That, dear readers, is the sound of danger, horror-movie style. You might recall from Tuesday that The Mama does her best to exercise discretion with regard to the stories I share with the world. You might be thinking, “Huh?!? Christine, then how do you explain The Big Question, Deconstructing Flatulence, 50 Shades of Safe, or Pint-Sized Proboscis-Picking Party? Or Sh*t My Kid Says? Or—”
Fine, so I have a very low threshold for potential embarrassment.
This story was precipitated by one of The Kidling’s most repulsive habits. It involves the toilet, so if this type of thing grosses you out, then please exit this post and go to something a little lighter (like No, She Is Not Always this Sweet).
Okay, back to the toilet. Alice is still working on ensuring a clean bottom post-bowel movement (I am fairly certain that is the least objectionable way to make that statement). Unfortunately, she has come to believe this task falls squarely on my shoulders. After going number two (the second-least objectionable way to talk about poop in a public forum), it begins:
Alice: (calling from the bathroom) Mo-om!
The Mama: Yes, Alice?
Alice: (She shuffles around the corner into the kitchen—or wherever I happen to be—with underwear and pants scrunched around her ankles. Bending over with butt toward The Mama, she grabs her left buttock with her left hand, her right buttock with her right hand and pulls her tiny little butt apart. Then she inquires loudly…) Is my butt clean?!

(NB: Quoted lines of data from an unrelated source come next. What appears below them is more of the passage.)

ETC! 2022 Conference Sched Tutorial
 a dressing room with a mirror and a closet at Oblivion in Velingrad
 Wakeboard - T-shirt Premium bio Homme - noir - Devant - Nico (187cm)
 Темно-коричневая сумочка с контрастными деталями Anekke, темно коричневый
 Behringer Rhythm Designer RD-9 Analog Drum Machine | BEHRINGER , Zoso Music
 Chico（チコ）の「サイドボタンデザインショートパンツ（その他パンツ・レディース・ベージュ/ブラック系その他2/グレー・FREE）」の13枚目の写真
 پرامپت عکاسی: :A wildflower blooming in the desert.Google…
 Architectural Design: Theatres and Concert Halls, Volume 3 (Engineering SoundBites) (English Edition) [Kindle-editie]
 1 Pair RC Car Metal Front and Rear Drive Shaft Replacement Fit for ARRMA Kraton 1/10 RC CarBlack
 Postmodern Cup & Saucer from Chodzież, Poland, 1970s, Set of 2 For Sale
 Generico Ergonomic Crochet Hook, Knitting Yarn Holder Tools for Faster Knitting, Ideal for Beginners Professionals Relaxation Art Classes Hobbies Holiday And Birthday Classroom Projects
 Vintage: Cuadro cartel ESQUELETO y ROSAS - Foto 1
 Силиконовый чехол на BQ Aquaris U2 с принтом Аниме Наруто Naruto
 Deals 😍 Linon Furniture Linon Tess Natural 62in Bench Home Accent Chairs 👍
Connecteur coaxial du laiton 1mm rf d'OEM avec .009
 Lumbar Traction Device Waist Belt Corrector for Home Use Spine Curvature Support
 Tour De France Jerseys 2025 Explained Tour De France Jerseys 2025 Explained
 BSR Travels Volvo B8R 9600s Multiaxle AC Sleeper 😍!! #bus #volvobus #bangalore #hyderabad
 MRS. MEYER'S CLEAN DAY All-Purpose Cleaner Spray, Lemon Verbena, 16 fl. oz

Then I hustle her back to the bathroom, wipe her butt, wash our hands, and we go about our day. Done.
Now, this just one of those stories I had decided to keep to myself. There is nothing particularly objectionable about it (except, you know, everything) yet it is just gross enough that the She’ll-Be-Pissed-When-She-Grows-Up-o-Meter sounded.
Then, Sunday, we repeated the charming scene you read above. This time, as we washed our hands, Alice had a thought to share with me, and said “You know what, Mom? I don’t want to look in somebody’s butt when I grow up. It’s like a yucky old central.*”
Yep. Me neither, Babe.
In that instant, I decided to ignore the alarm sounding in my head and blog about it.
Sorry Adult Alice. You asked for it.
* I have no idea what this means. It doesn’t much matter. She included the word “yucky,” so we’ll call it an accurate statement.